Only one stretch of the data should be retyped: the lines from the line containing "Descalcifica??o de tecido de biopsia" through the line containing "Book cover of". Keep pictures out of it.

########################################

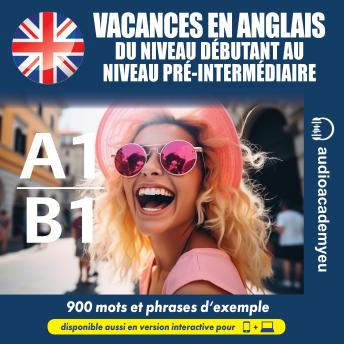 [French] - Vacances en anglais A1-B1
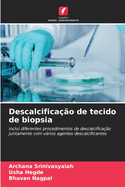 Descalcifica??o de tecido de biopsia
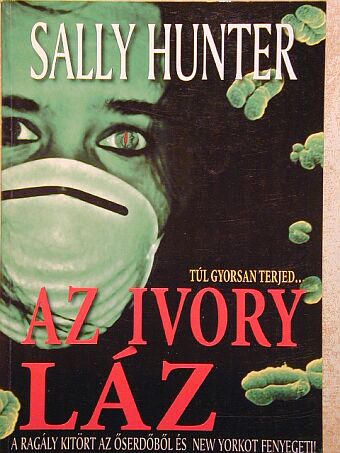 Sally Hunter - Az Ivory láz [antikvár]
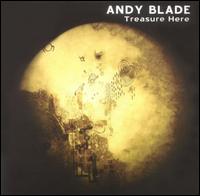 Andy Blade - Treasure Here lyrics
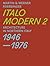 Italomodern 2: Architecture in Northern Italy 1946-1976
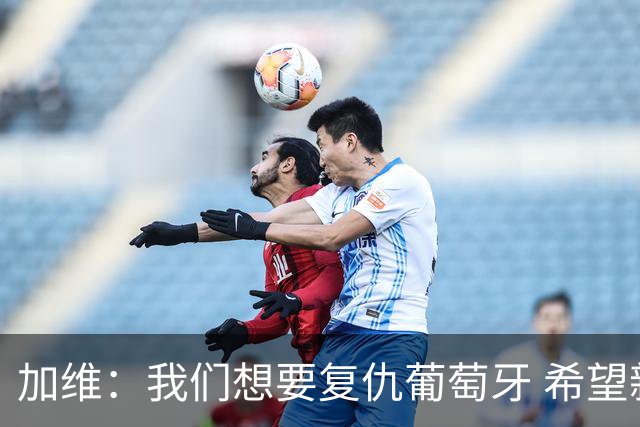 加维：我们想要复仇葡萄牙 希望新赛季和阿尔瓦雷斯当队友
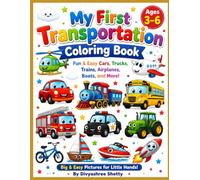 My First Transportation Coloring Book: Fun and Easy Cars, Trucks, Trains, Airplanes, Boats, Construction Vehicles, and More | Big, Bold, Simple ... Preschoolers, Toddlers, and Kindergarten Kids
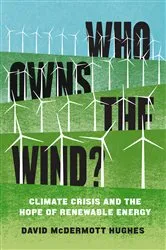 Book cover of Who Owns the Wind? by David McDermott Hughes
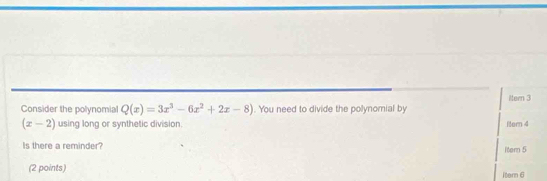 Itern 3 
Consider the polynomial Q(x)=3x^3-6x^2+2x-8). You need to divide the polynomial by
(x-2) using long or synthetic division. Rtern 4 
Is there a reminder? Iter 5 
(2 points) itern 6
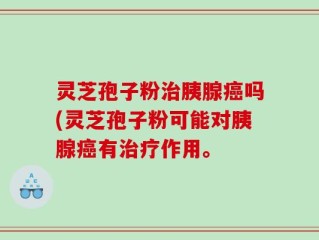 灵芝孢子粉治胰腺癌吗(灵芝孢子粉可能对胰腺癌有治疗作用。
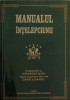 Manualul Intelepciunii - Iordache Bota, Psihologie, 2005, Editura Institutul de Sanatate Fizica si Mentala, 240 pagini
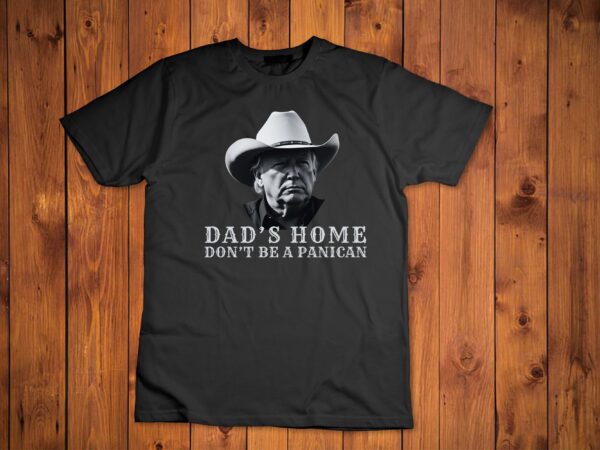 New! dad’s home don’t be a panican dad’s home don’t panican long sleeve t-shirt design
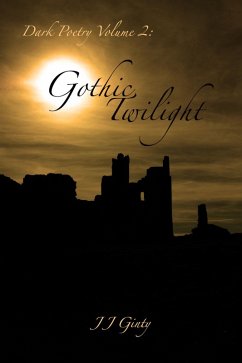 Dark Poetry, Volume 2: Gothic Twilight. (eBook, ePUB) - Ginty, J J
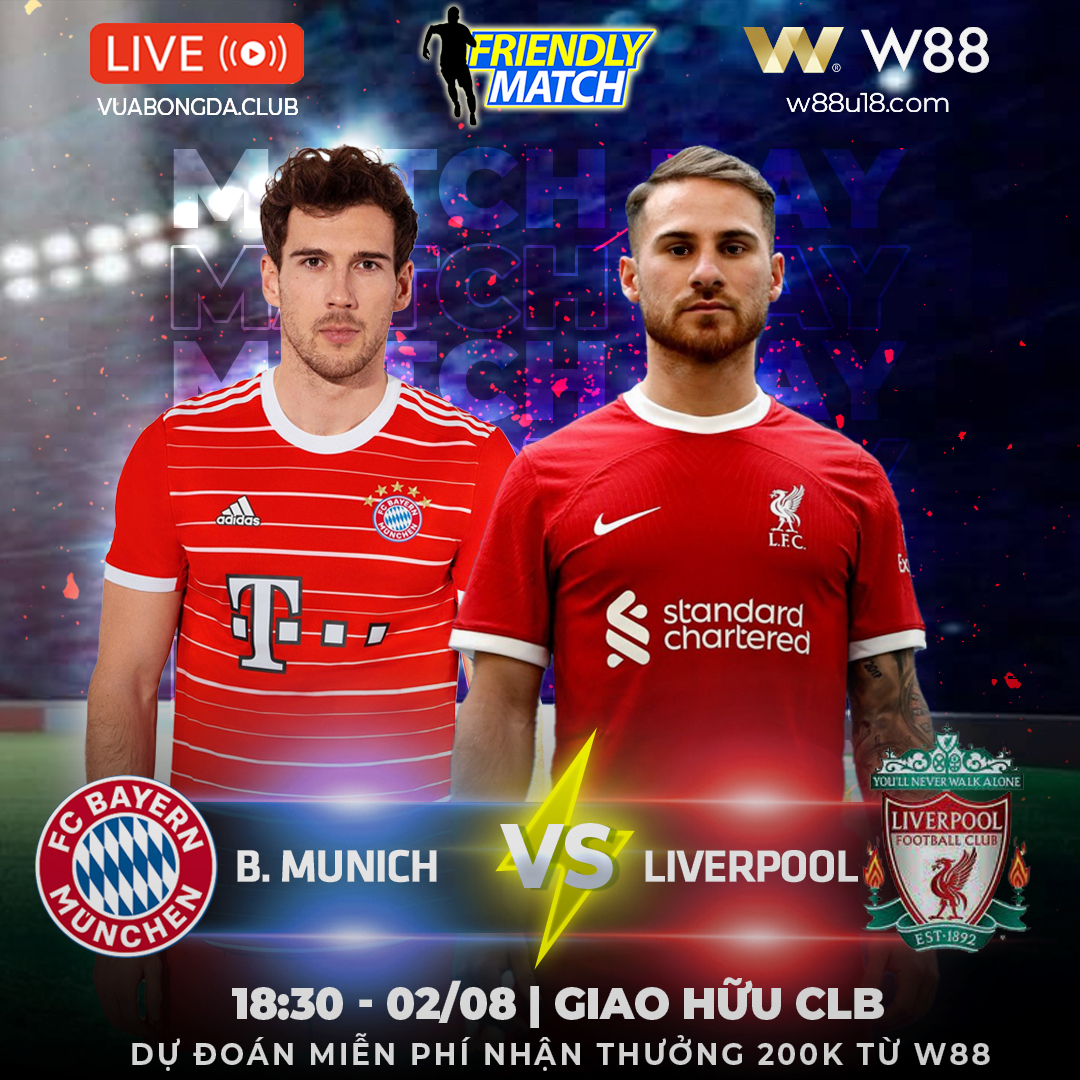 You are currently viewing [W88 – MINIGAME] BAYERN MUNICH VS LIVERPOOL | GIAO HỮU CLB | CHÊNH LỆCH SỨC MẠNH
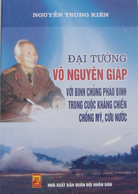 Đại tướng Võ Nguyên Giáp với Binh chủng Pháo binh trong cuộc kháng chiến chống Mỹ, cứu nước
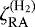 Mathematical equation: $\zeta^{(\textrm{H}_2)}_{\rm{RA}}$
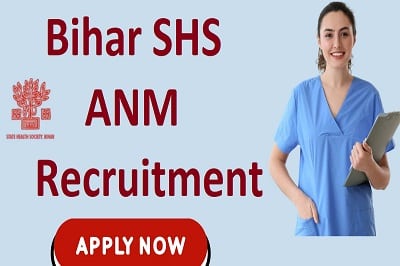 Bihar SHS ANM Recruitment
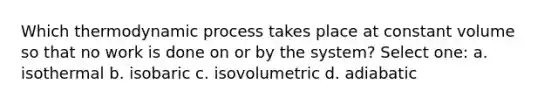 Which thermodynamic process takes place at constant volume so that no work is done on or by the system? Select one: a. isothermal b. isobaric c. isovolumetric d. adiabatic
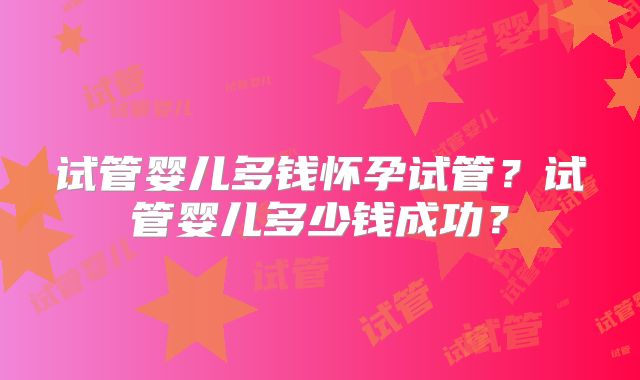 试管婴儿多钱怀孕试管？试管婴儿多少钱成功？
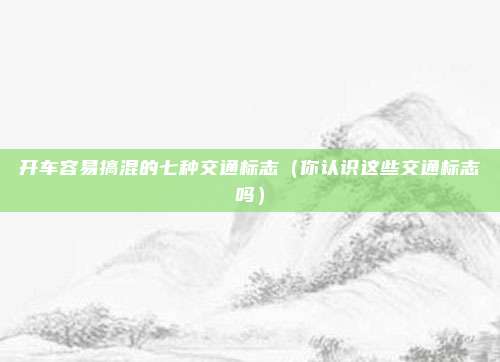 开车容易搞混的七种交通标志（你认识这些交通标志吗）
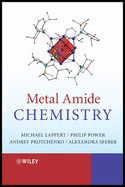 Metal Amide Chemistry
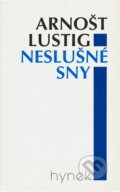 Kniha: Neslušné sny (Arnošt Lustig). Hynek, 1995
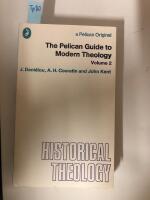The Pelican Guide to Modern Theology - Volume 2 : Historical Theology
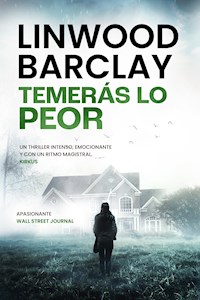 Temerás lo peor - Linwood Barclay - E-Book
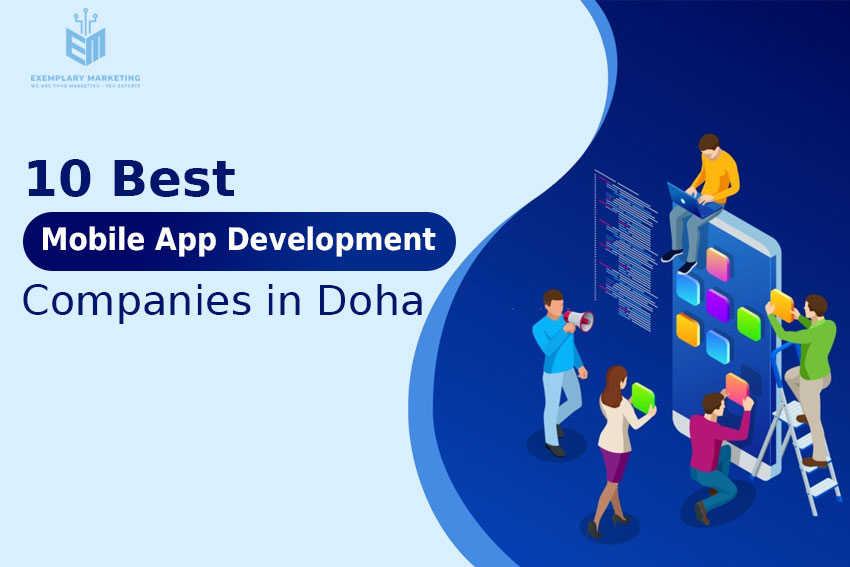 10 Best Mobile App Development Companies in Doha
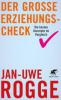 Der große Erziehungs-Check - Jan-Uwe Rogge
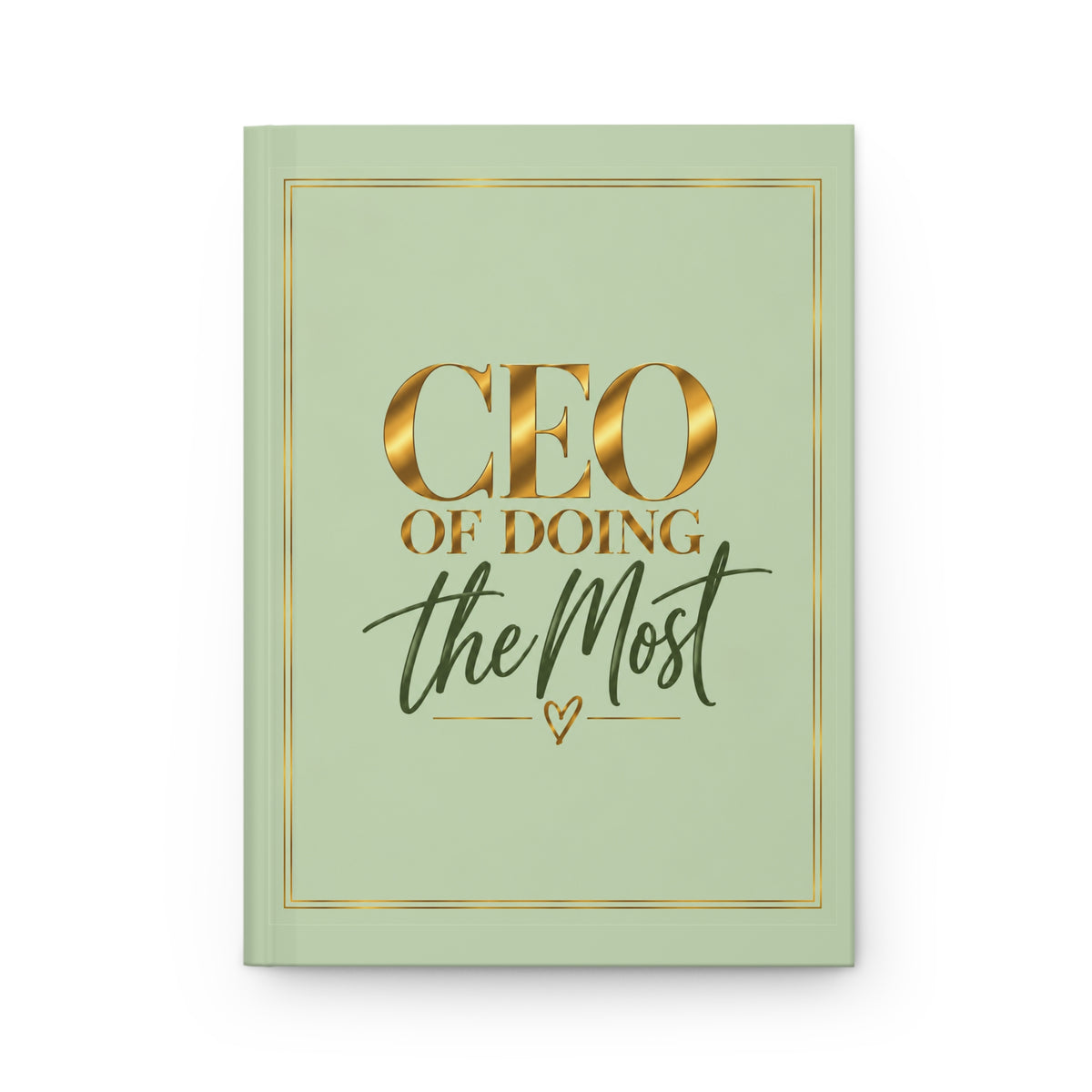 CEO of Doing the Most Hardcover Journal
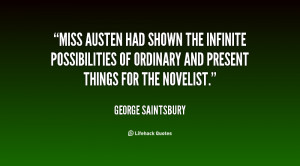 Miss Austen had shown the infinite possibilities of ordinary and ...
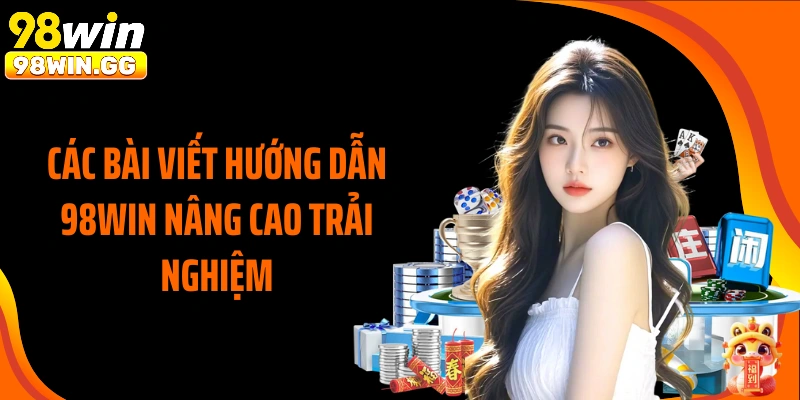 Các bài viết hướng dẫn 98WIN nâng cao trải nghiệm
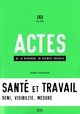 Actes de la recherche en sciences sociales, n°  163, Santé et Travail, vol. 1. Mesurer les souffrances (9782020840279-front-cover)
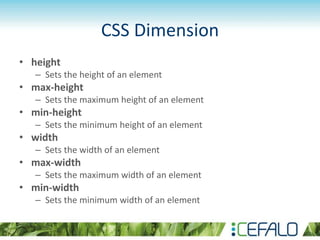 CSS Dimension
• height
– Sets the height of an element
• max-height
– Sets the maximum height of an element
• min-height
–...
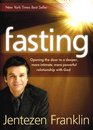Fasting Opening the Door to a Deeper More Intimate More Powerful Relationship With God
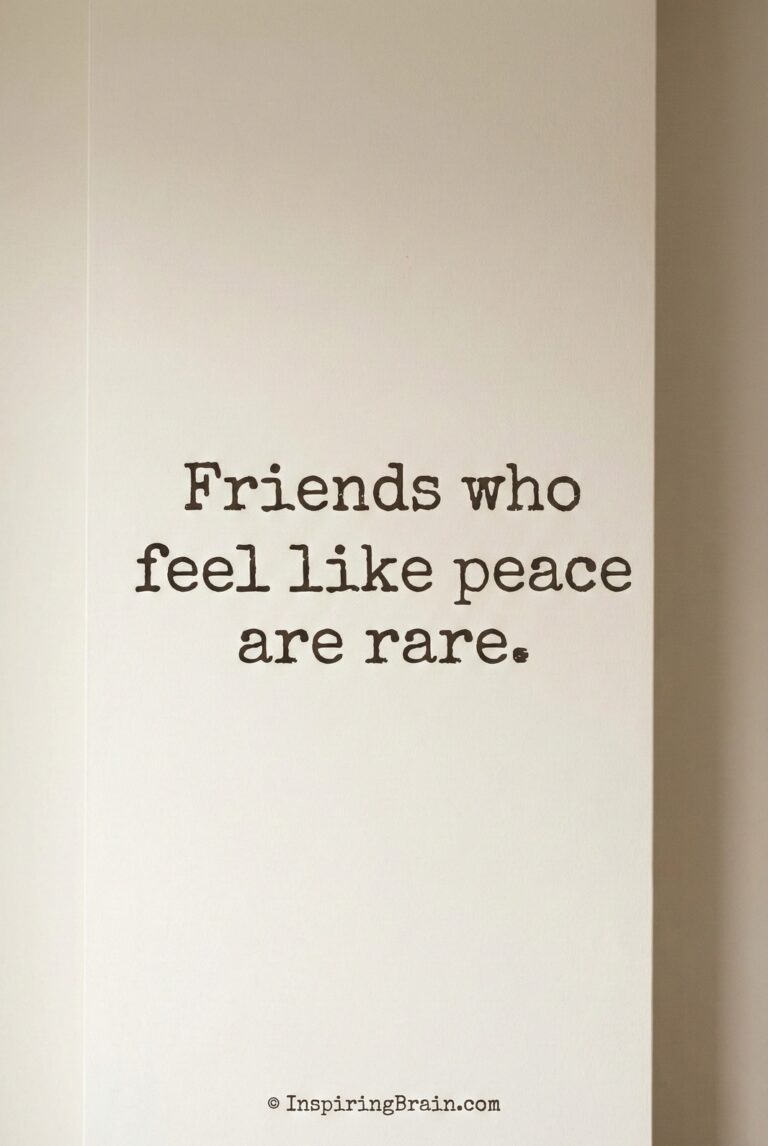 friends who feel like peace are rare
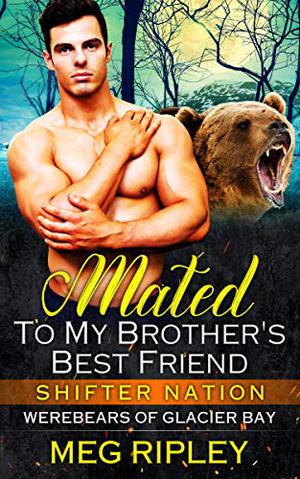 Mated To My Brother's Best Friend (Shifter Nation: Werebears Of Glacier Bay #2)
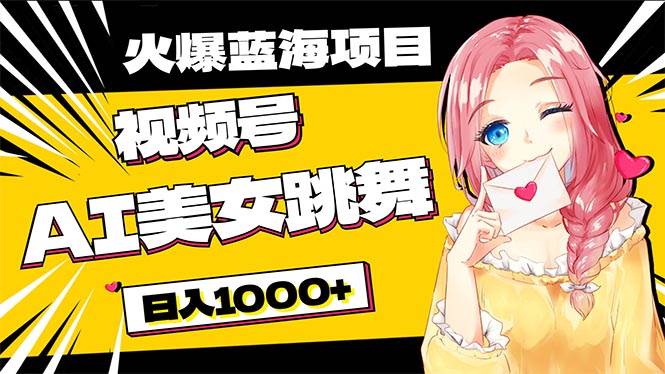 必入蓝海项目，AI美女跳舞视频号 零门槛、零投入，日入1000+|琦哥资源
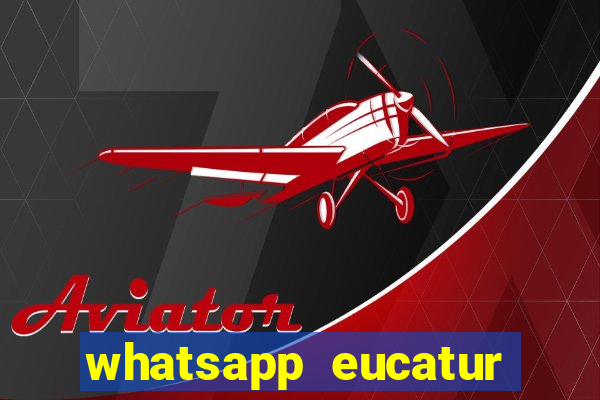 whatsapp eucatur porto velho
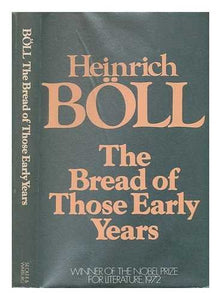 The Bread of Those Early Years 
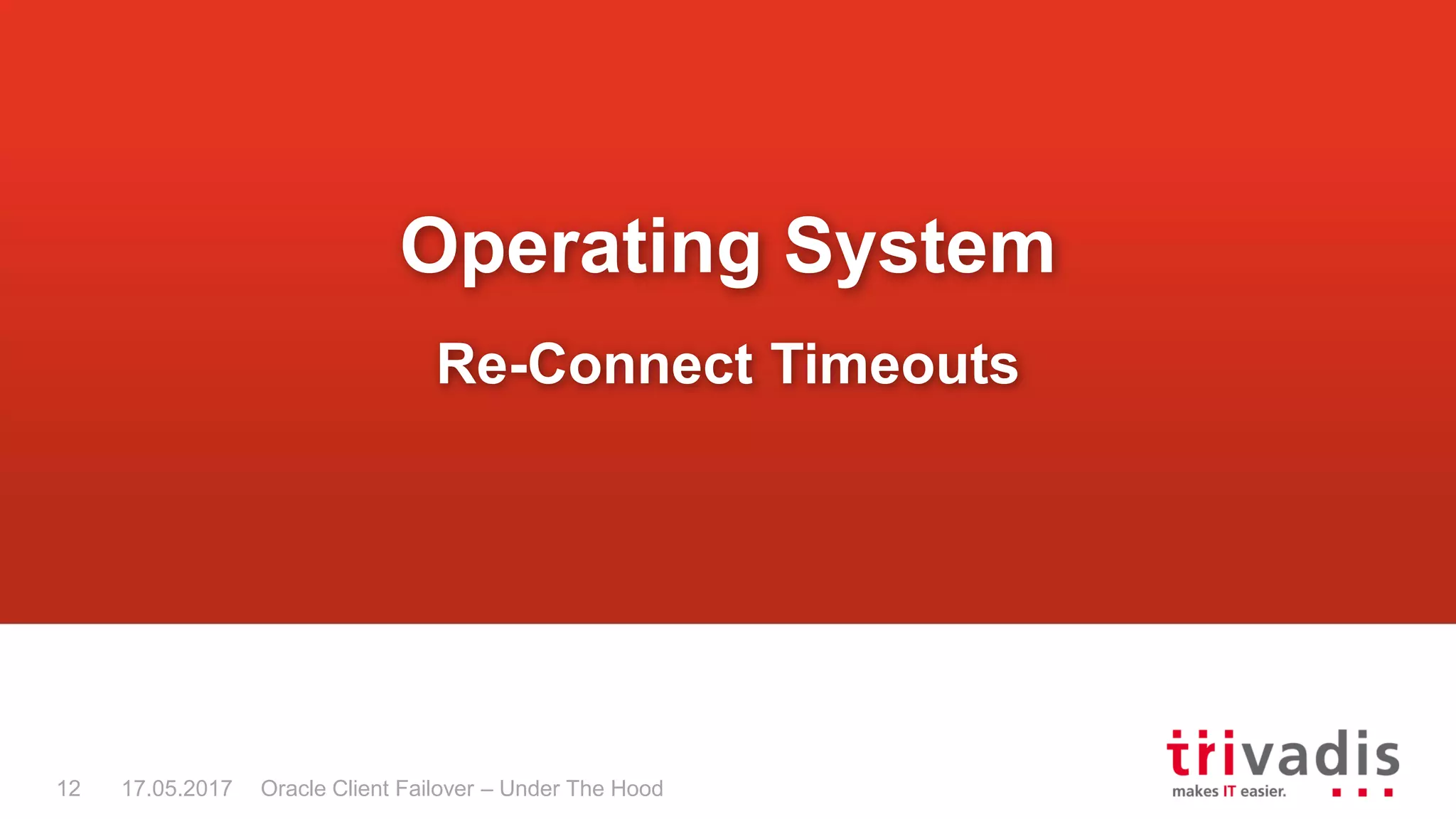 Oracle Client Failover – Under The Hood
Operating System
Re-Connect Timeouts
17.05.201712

########################################

ANSWER TO THE EXERCISE ::
 Descalcifica??o de tecido de biopsia
 Sally Hunter - Az Ivory láz [antikvár]
 Andy Blade - Treasure Here lyrics
 Italomodern 2: Architecture in Northern Italy 1946-1976
 加维：我们想要复仇葡萄牙 希望新赛季和阿尔瓦雷斯当队友
 My First Transportation Coloring Book: Fun and Easy Cars, Trucks, Trains, Airplanes, Boats, Construction Vehicles, and More | Big, Bold, Simple ... Preschoolers, Toddlers, and Kindergarten Kids
 Book cover of Who Owns the Wind? by David McDermott Hughes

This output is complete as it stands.